We will load logs directly from the GitHub repository using a **fixed repo root**.

- When this repo moves to a new org or user, update **only** the `repo_root` line.
- The rest of the notebook will continue to work without modification.

**Instructor note:** This avoids relying on unstable Colab metadata and keeps the notebook portable.

In [None]:
# TODO (Instructor when migrating repos):
# If this repo moves to a new GitHub org or user, update ONLY this line:
repo_root = "https://raw.githubusercontent.com/Binkerton13/cyber-ml-training/main"
scenario_path = "scenarios/scenario_03"
log_base = f"{repo_root}/{scenario_path}/logs/"
log_base

## 2. Load AWS IAM and CloudTrail logs

We will load:

- `cloud_iam.csv` — IAM‑related events (role changes, policy updates, access keys, MFA changes).
- `cloud_api.csv` — CloudTrail API calls (enumeration, data access, privilege use).
- Optionally, `network.csv` — if present, may show exfiltration or unusual egress.

**Your focus:**

- Understand what each log represents.
- Identify key fields: user, role, action, resource, region, timestamp.

In [None]:
import pandas as pd

iam_path = log_base + "cloud_iam.csv"
api_path = log_base + "cloud_api.csv"

cloud_iam_df = pd.read_csv(iam_path)
cloud_api_df = pd.read_csv(api_path)

cloud_iam_df.head()

In [None]:
cloud_api_df.head()

In [None]:
# Optional: load network logs if present
try:
    net_path = log_base + "network.csv"
    network_df = pd.read_csv(net_path)
    network_df.head()
except Exception as e:
    network_df = None
    print("No network.csv found or failed to load (this is OK for this scenario).", e)

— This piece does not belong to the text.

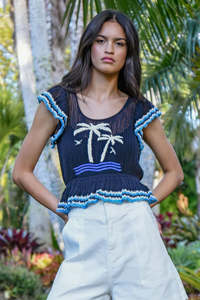 Palms Away Top & Camisole - Navy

## 3. Normalize timestamps

AWS logs often include ISO‑8601 timestamps with timezone information.

We will:

- Parse timestamps as timezone‑aware datetimes.
- Extract useful time‑based features (e.g., hour of day, date).

**Why this matters:**

- Attackers may operate at unusual times.
- Time correlation between IAM and API events is critical for understanding the attack chain.

In [None]:
# Normalize timestamps in IAM logs
cloud_iam_df['timestamp'] = pd.to_datetime(
    cloud_iam_df['timestamp'].astype(str).str.replace('Z', '', regex=False),
    utc=True,
    errors='coerce'
)
cloud_iam_df['date'] = cloud_iam_df['timestamp'].dt.date
cloud_iam_df['hour'] = cloud_iam_df['timestamp'].dt.hour

# Normalize timestamps in API logs
cloud_api_df['timestamp'] = pd.to_datetime(
    cloud_api_df['timestamp'].astype(str).str.replace('Z', '', regex=False),
    utc=True,
    errors='coerce'
)
cloud_api_df['date'] = cloud_api_df['timestamp'].dt.date
cloud_api_df['hour'] = cloud_api_df['timestamp'].dt.hour

cloud_iam_df[['timestamp', 'hour']].head()

In [None]:
cloud_api_df[['timestamp', 'hour']].head()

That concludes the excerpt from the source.